Look in the listing below for the line that has "you multiply the", then return it and each following line up to and including the one with "Welcome to my", exactly and without pictures.

EXTRACTED INFORMATION:
◆ ◆ ◆ ◆ ◆

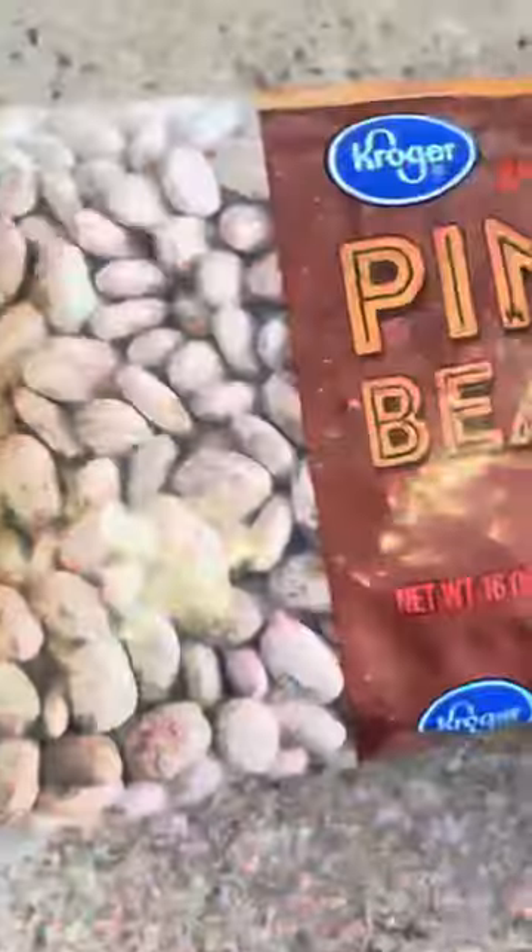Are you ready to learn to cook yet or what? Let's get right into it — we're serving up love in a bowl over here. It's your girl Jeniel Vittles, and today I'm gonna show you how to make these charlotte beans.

◆ ◆ ◆ ◆ ◆

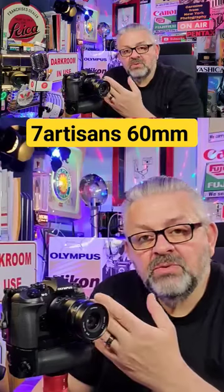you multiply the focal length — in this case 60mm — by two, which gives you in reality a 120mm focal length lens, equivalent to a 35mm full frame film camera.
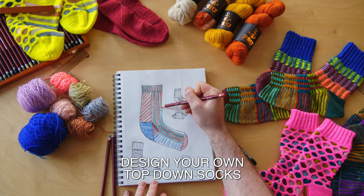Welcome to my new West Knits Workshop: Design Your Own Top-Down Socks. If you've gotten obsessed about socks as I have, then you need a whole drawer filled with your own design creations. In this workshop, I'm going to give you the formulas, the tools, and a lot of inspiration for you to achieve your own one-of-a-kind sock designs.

◆ ◆ ◆ ◆ ◆

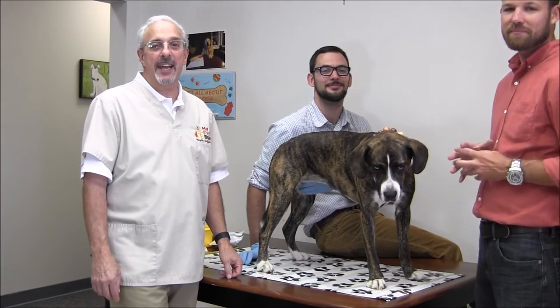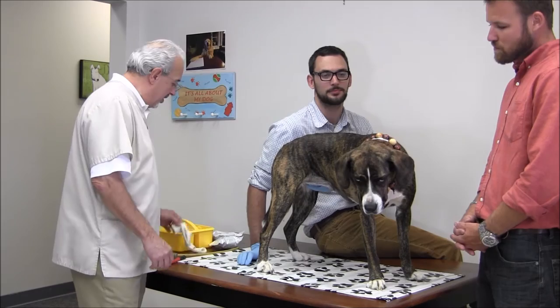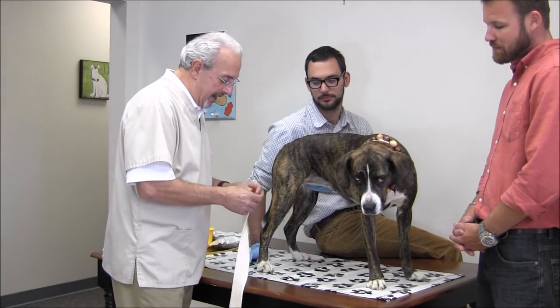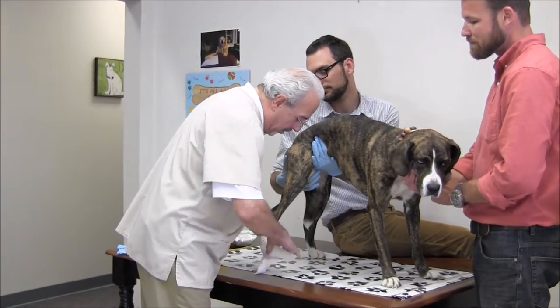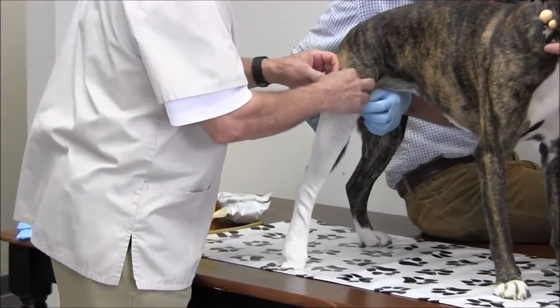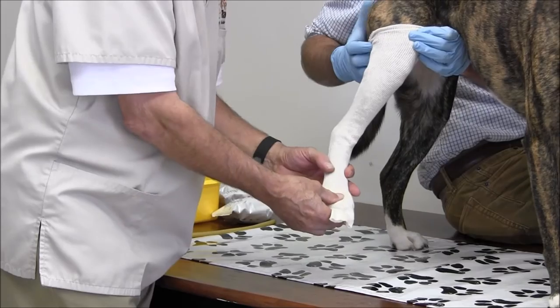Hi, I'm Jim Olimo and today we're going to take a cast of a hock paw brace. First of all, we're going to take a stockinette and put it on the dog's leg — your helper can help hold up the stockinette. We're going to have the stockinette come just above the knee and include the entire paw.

◆ ◆ ◆ ◆ ◆

RESULT:
you multiply the focal length — in this case 60mm — by two, which gives you in reality a 120mm focal length lens, equivalent to a 35mm full frame film camera.
Welcome to my new West Knits Workshop: Design Your Own Top-Down Socks. If you've gotten obsessed about socks as I have, then you need a whole drawer filled with your own design creations. In this workshop, I'm going to give you the formulas, the tools, and a lot of inspiration for you to achieve your own one-of-a-kind sock designs.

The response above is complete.